Here is a blogpost by the CEO of the Centre for Social Justice, Andy Cook.
“Universal Credit (UC) is one of the most effective poverty-fighting tools we have. The CSJ is committed to ensuring it rolls out effectively, and that the Government makes the most of its potential to change people’s lives.
When it is fully rolled out, between 250,000 and 300,000 more people will have a job. To put that into perspective, it is the entire population of a city the size of Newcastle.
Moreover, recent data has shown that, compared with the old welfare system, people are more likely to find work, stay in work, and earn more money when on UC. This is hardly surprising given it simplifies the system, gives claimants a single work coach to guide them through the process, and lets them keep more of the money they earn.
It is replacing an old system, which is so punitive that people out of work keep as little as 4p in every pound they earn if they take a job, undermining the principle that it should always pay more to work.
Many of us who worked on the front lines supporting people who were unemployed remember this situation well, driving against a work disincentive as well as the disadvantages that were commonplace in the toughest areas.
UC can change that.
The CSJ has been involved with, and supportive of, UC since day one – we, alongside many of our Poverty Fighters Alliance, designed it in our 2009 paper Dynamic Benefits before it was rolled out by government.
This week we have made further suggestions to the Work and Pensions Select Committee, and suggested ways that UC could be strengthened as it is rolled out.
If UC is to be as effective a poverty fighting tool as it can be, it will need strong leadership to see it through. While the principles of UC have near universal support, questions have been raised about the way the rollout is being conducted. There is concern that the way new claimants come on to UC has put some claimants under financial hardship, leading them to miss rental payments, take out expensive loans, and go without basic daily necessities.
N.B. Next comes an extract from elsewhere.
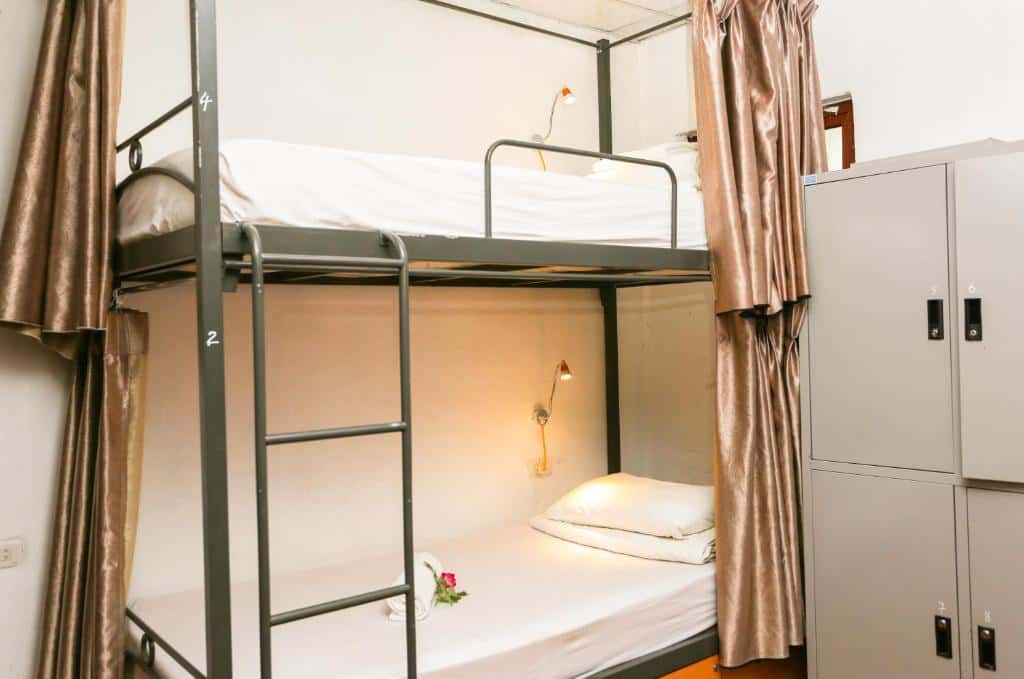 phong tap the quoc khanh bamboo homestay ninh binh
Criticism has particularly focused on the wait before receiving the first payment. As UC is rolled out to more claimants’ groups, across more Jobcentres around the country, some organisations and politicians have called for a pause. We feel this would be a mistake. Any pause would increase uncertainty for JCP staff, cause confusion for claimants, delay the proven benefits of the system, and is ultimately not necessary for solving some of the implementation issues the Government is facing.
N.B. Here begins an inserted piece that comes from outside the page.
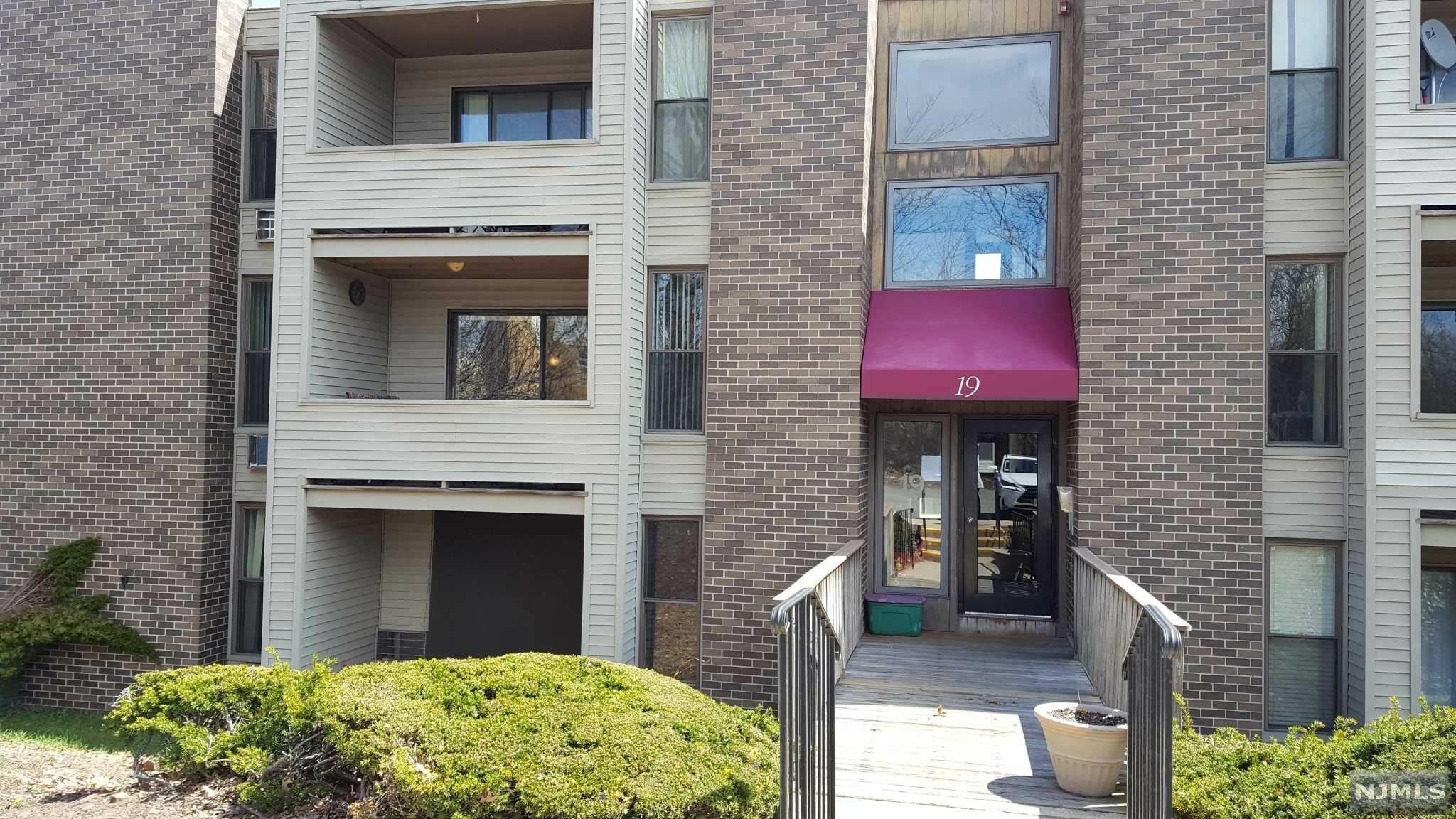 Property Photo: 1 River Road 19E NJ 07110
The CSJ welcomes the introduction of same-day budget advances to ease transition waits, and believes two further changes would help further smooth the shift of claimants moving from the legacy system to UC, and better reflect the original design and intent that the CSJ set out in 2009. These can be made without pausing the roll out and would go a long way to making the lives of many claimants safer and more secure.
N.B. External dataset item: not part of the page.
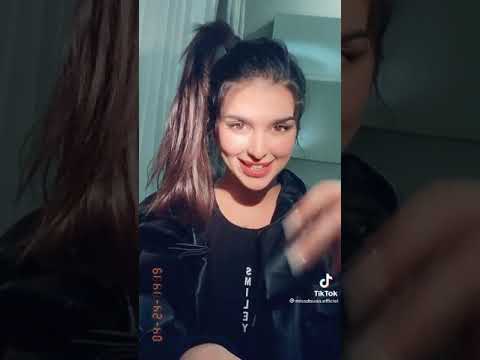 اه يا لالي يا لالي يا لالي بصوت بنت جميل جدا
Firstly, the Government could phase out the seven waiting days that all claimants must go through at the beginning of a claim and during which they aren’t eligible for any benefit payments. The premise of UC is that claimants are paid monthly, as you would be in any job. However, no job forces an employee to work for the first seven days for free. The cost of this small change would be approximately £140 million in the first year.
Secondly, the Government could reintroduce work allowances for all UC claimants, that were included until a few years ago. This would be a significant reinvestment in UC. The IFS estimates that, depending on how the work allowances were phased back in, this would cost £3.4 billion by 2020-21. The investment in work allowances would go directly into the pockets of those we most need to help. They increase the incentives for claimants to get a job, and help ensure that the job pays more than welfare by allowing the claimant to keep more of their pay check. Money for the investment could be found by stopping the planned increase in the Personal Tax Allowance, the benefits of which go disproportionately to wealthier earners.
As HM Treasury prepares the autumn budget, we are calling on the Government to make these changes. It will help make UC the most powerful mechanism for reducing poverty in the country. It will change lives and make work pay. This is an opportunity that should not be missed.